Previously, we discussed how to make objects in the global environment using the <-  operator. Throughout this section, it has been assumed that the data being used is just an object already loaded straight from a .csv file. With ANOVA, there are some extra manipulations that have to be made to the data.

First, you will want to create a new object that converts the variable which contains the factor specifications to an ordered level.

mtcars.anova <- mtcars %>%
mutate(cyl = factor(cyl, ordered = TRUE))

Above, we have created the new mtcars.anova object in the global environment. Within the mtcars.anova set, the cyl column has been mutated (changed) to be, instead, designating ordered levels assuming that the different levels of analysis will be based on how many cylinders a car has. For the purpose of this example, we will be running it against mpg as the dependent variable.

Next, you will compute the mean and standard deviation using the following code:

mtcars.anova %>%
group_by(cyl) %>%
summarise(
count_cyl = n(),
mean_mpg = mean(mpg, na.rm = TRUE),
sd_mpg = sd(mpg, na.rm = TRUE)
)


While it isn't necessary, it always a good idea to create a visualization to check for differences in distribution. The best way to visualize is to use ggplot. The following is code for a basic box plot with ggplot.

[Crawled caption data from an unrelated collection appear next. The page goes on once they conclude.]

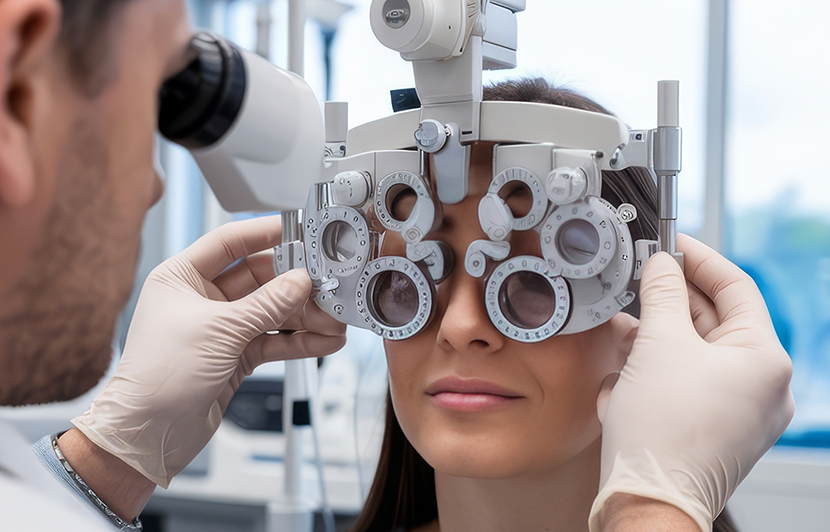 evaluación de la visión mediante prueba de refracción en consulta médica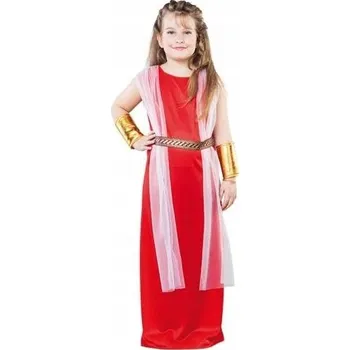 Karnevalový kostým KOSTÝM ŘÍMANKA BOHYNĚ ŘÍM ŠATY ČERVENÉ 128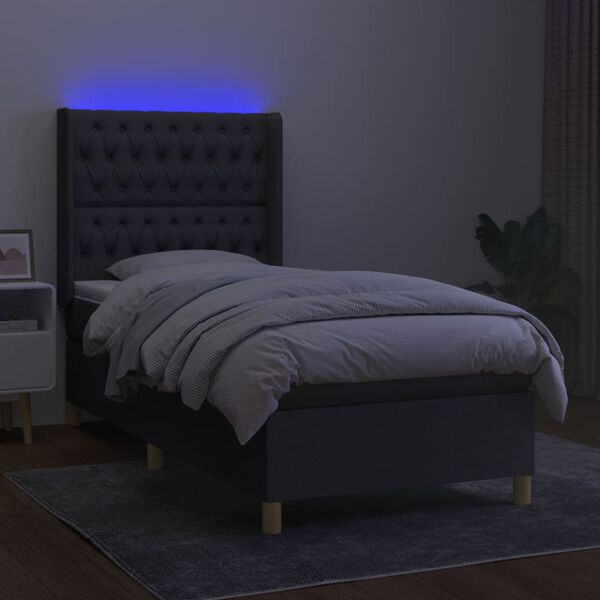 vidaXL Letto a Molle Materasso e LED Grigio Scuro 100x200cm in Tessuto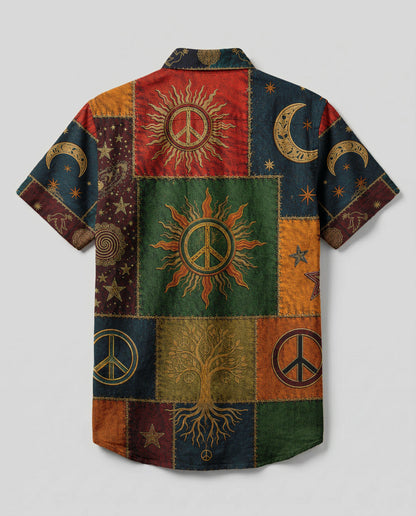 BOHO PEACE SYMBOL VINTAGE BUTTON-DOWN COLLAR SHIRT - KMTM0106261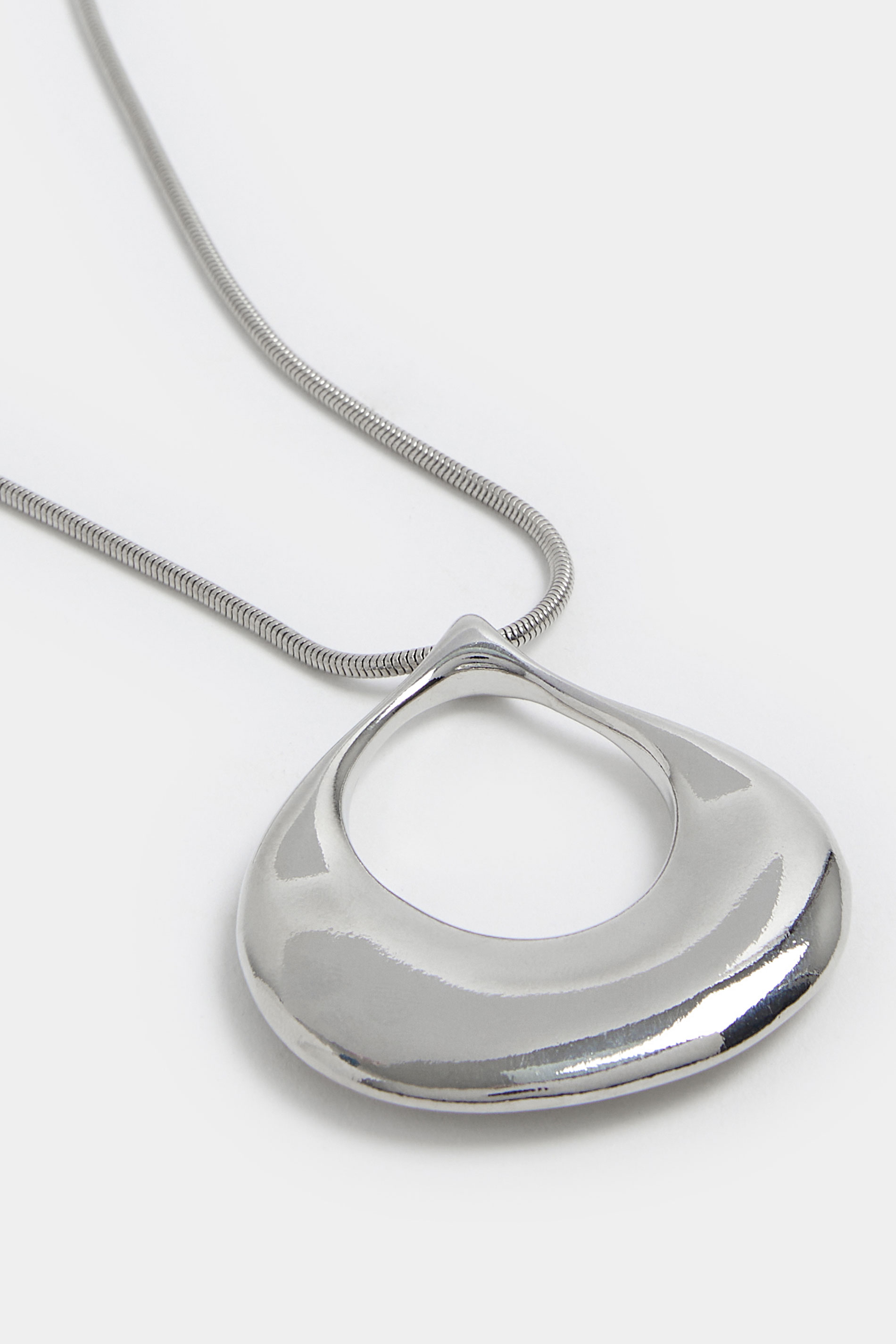 Silver Tone Long Teardrop Pendant Necklace | Yours Clothing 2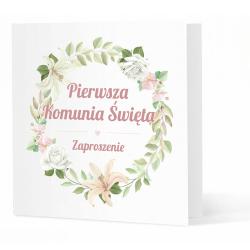 Zaproszenie komunijne kwiatowe wianek dziewczynka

ggplot(mtcars.anova, aes(x = cyl, y = mpg, fill = cyl)) +
geom_boxplot() +
geom_jitter(shape = 15,
color = "steel blue",
position = position_jitter(0.21)) +
theme_classic()


The graph does show quite the difference in distribution. For more information on how to create any graph you would like, visit http://r-statistics.co/ggplot2-Tutorial-With-R.html

To perform a one way ANOVA on this dataset, you will want to save the model (aov) as an object in the global environment, so use the following syntax to run the model. Then, using the summary() function you will be able to get the output you need.

anova_one_way <- aov(mpg~cyl, data = mtcars.anova)
summary(anova_one_way)


From this output, you can say that there is a significant difference between number of cylinders a car has and its miles per gallon [F(2,29) = 39.7, p = .000]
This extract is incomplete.